With the first-generation RX's style being deemed a bit too soft, stylists gave the new Lexus RX 330 a more aggressive character. A sharply angled grille and rearmost roof pillar gave the RX 330 more visual attitude, while more power, more backseat room, a number of new high-tech features and tighter handling made the RX better than ever before. Still, the folks at Lexus were careful to retain the beloved features of the previous model, and this meant keeping a plush ride, a rich cabin, fantastic build quality, a serene demeanor on the open road and a strong reputation for reliability intact.
Those who think driving is a passion and not just a necessity should know that the Lexus RX 330 is still not a sport-utility vehicle with a sport sedan personality. If you're looking for thrills on twisty roads you'd be better suited by a few other choices that trade off practical aspects such as passenger and cargo space for a sportier drive. But for the greater majority of used luxury SUV consumers who just want as trouble-free and comfortable an experience as possible when dealing with commuting, shuttling the kids around and taking weekend road trips to see the relatives, the RX 330 is hard to top.
Most Recent Lexus RX 330
Available from 2004 through 2006, the Lexus RX 330 brought more power, more room, more luxury features and more aggressive styling to Lexus' popular midsize luxury SUV.
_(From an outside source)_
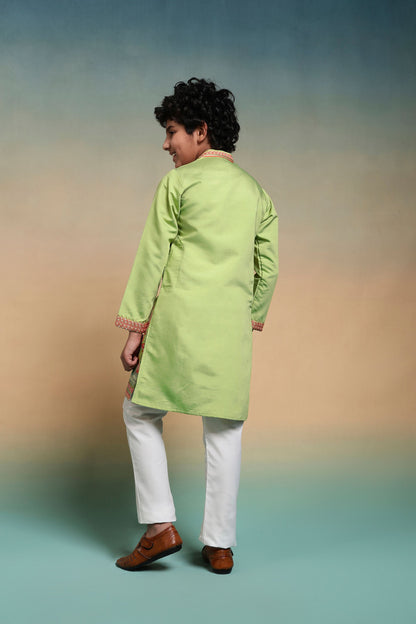 Pista Pure Viscose Silk Kids Boy Kurta Pajama 
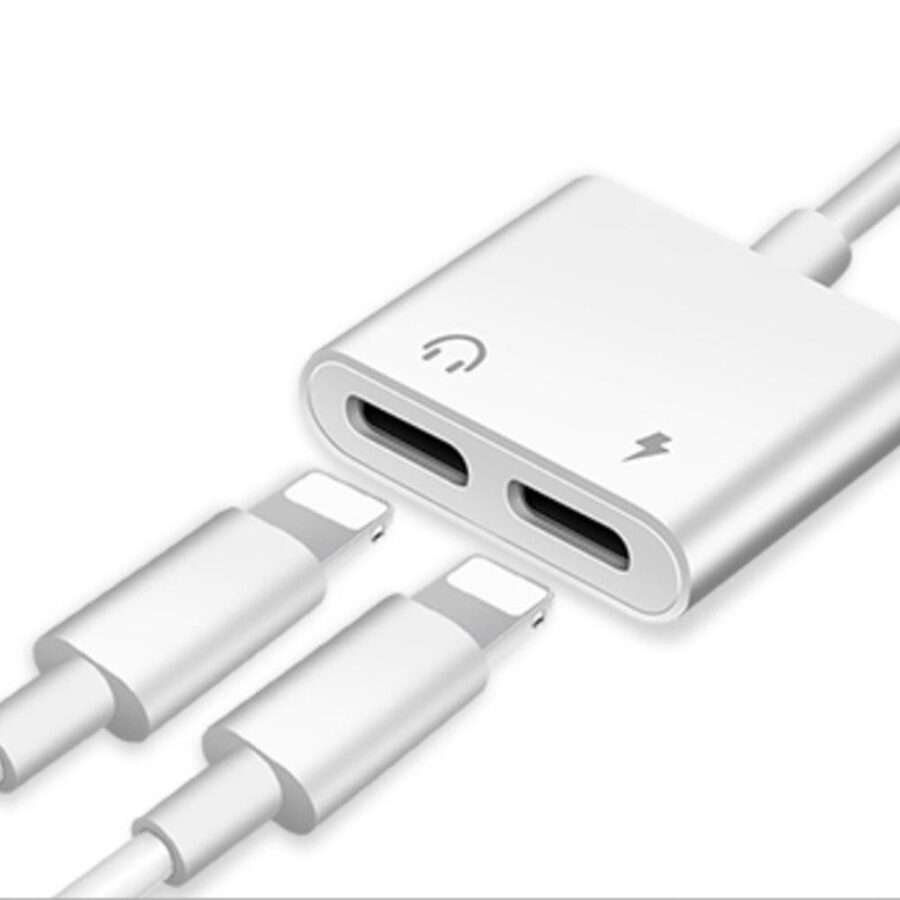 Cable de Carga 2 en 1 para iPhone 8/7/X Adaptador Splitter Auriculares Audio Lightning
Still loosely based on the Toyota Camry platform of the time, the RX 330 benefited from the same new V6. At 3.3 liters, the newer V6 produced 230 horsepower and 242 pound-feet of torque, increases of 10 hp and 20 lb-ft, respectively, over the RX 300's V6. A broader torque curve along with a new five-speed automatic transmission gave the RX 330 more kick off the line as well as more energetic passing and merging performance. Once again, buyers could choose front- or all-wheel drive. Towing capacity, at 3,500 pounds, was unchanged and still relatively meager compared to truck-based SUVs.
Standard luxury content increased slightly, as in addition to the expected automatic climate control and full power features there were now larger (17-inch) alloy wheels and a CD player. In addition to available leather seating, power moonroof and navigation system were new options that included a DVD entertainment system, a superb Mark Levinson audio system, an adjustable air suspension, adaptive cruise control, a back-up camera and adaptive headlights.
Safety was also improved, as in addition to stability control there were now larger side airbags, side curtain airbags, a driver's knee airbag and a tire-pressure monitor.
While it retained the quiet and refined demeanor of its precursor, the Lexus RX 330 was more athletic. Acceleration was noticeably stronger (at 7.8 seconds, it was a full second quicker to 60 mph than before) and, when equipped with the optional air suspension, handling was tighter. The RX was still not as involving a drive as a few of its German and home country rivals, which provide superior steering feel and communication to the driver.
Shoppers looking for a used Lexus RX 330 won't go wrong with any year, as changes were minimal throughout its brief run. The most notable upgrades occurred in 2005 when Lexus made the power rear hatch standard and the navigation system gained voice control. The final year of the RX 330 brought power lumbar support for the front passenger, while revised SAE testing procedures changed the engine's output rating from 230 hp to 223, though no actual performance was lost.